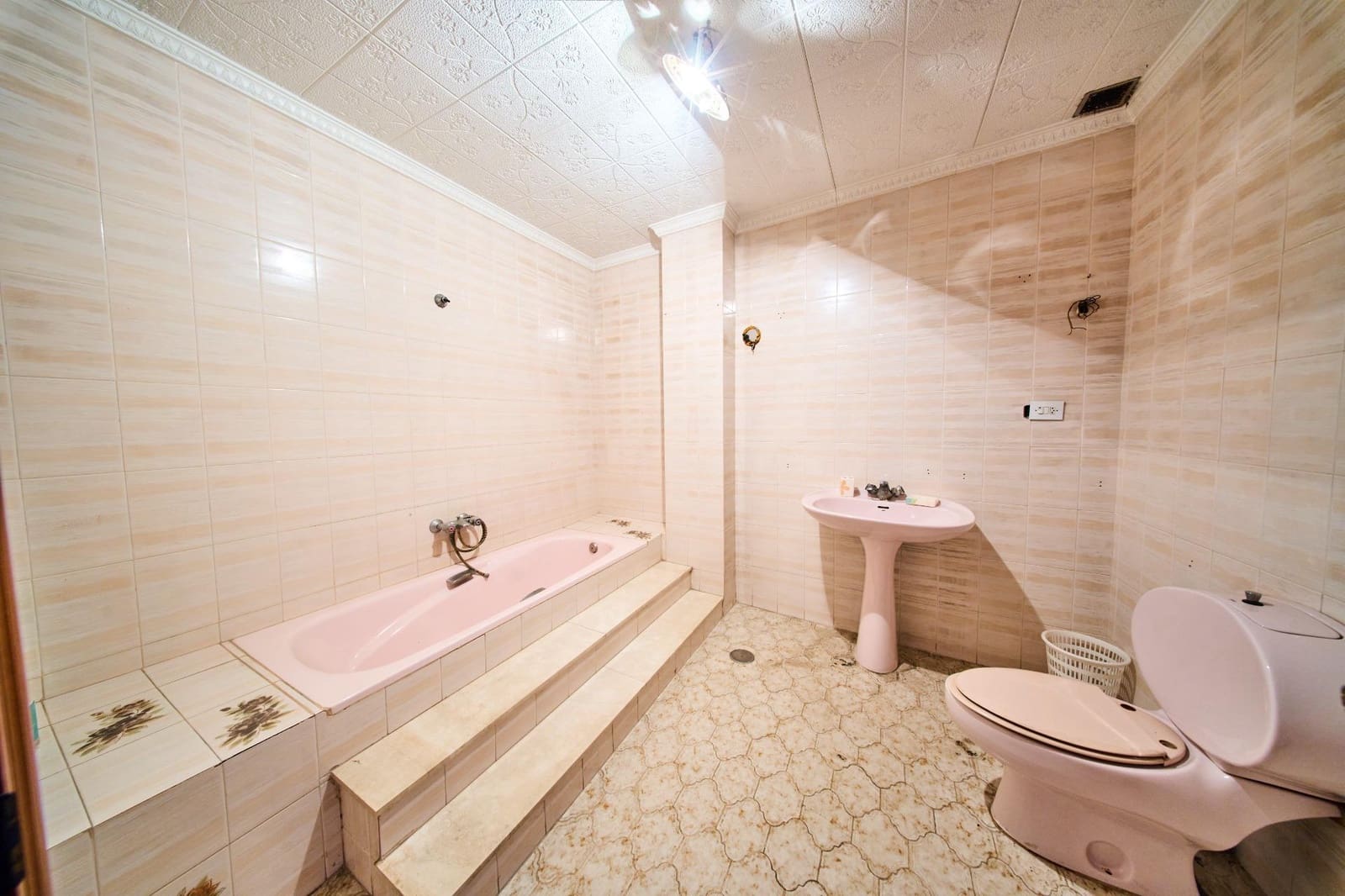 4 soveværelse Lejlighed til salg i Chauchina - € 114.900 (Ref: 9116287)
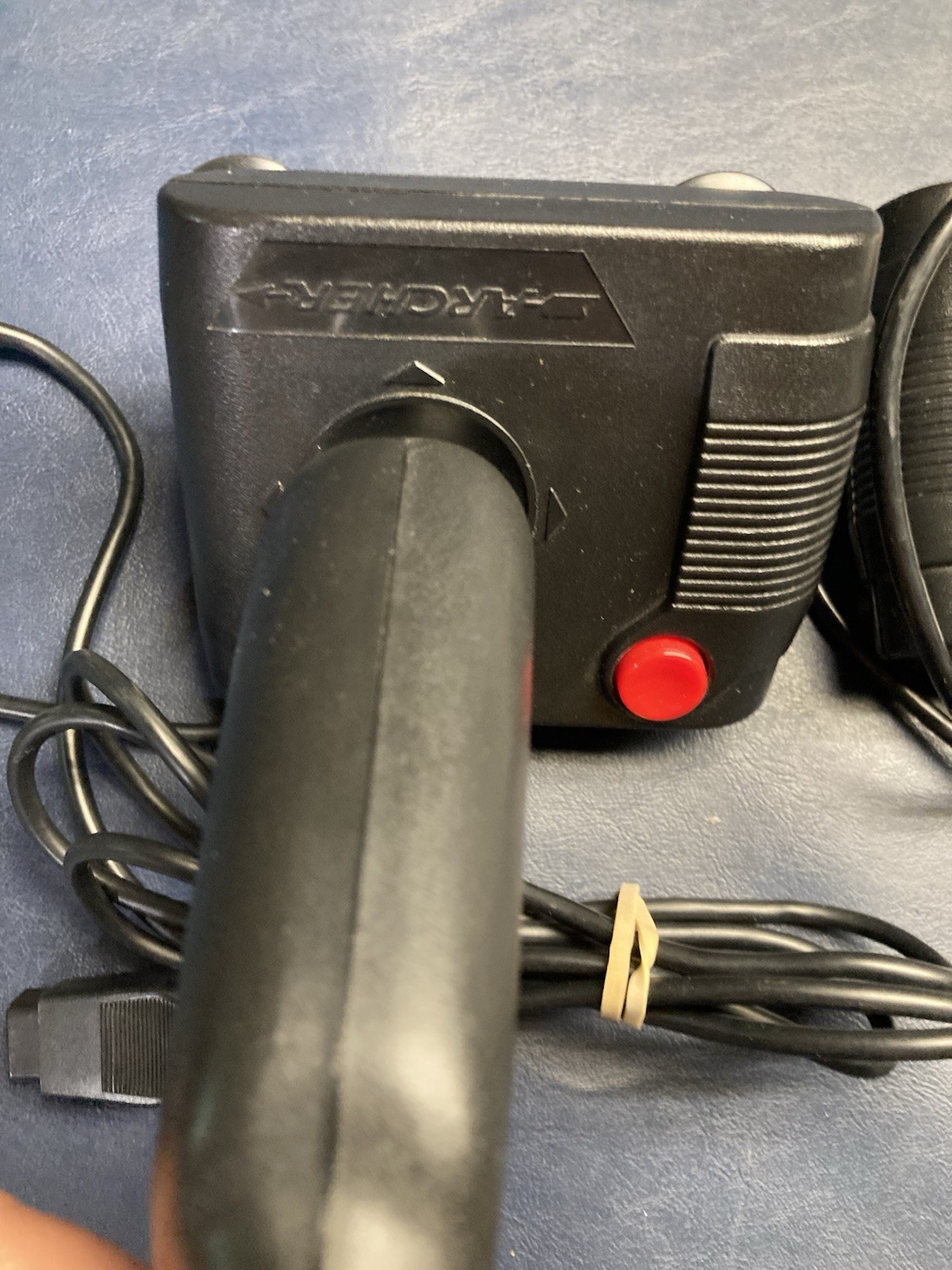 Atari 2600 Joystick Archer Radio Shack + 1 For Parts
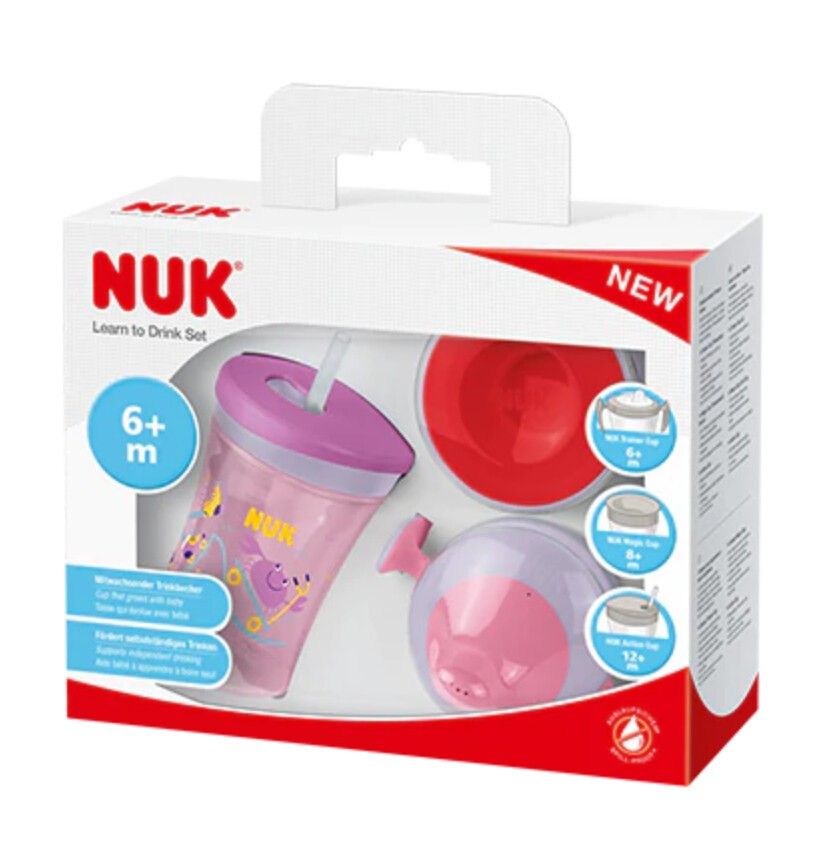 Verpackung des Trinklernsets. Becher mit Strohhalm, Trinktülle und Deckel. NUK-Logo. Altersempfehlung: 6+ Monate.
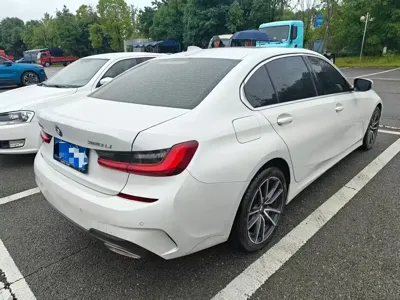 BMW 3 Series 2022, 100000 км, за 121300 CNY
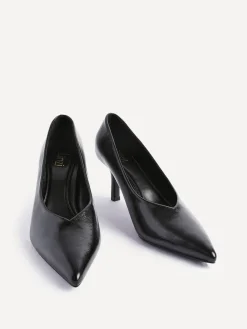 Linzi Bellamy V-Shaped Closed Toe Court Heels Black Outlet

Your objective - All of the material above is to be copied exactly, except for its images.

Answer for this exercise -
 4 soveværelse Lejlighed til salg i Chauchina - € 114.900 (Ref: 9116287)
 Atari 2600 Joystick Archer Radio Shack + 1 For Parts
 Verpackung des Trinklernsets. Becher mit Strohhalm, Trinktülle und Deckel. NUK-Logo. Altersempfehlung: 6+ Monate.
 BMW 3 Series 2022, 100000 км, за 121300 CNY
 Linzi Bellamy V-Shaped Closed Toe Court Heels Black Outlet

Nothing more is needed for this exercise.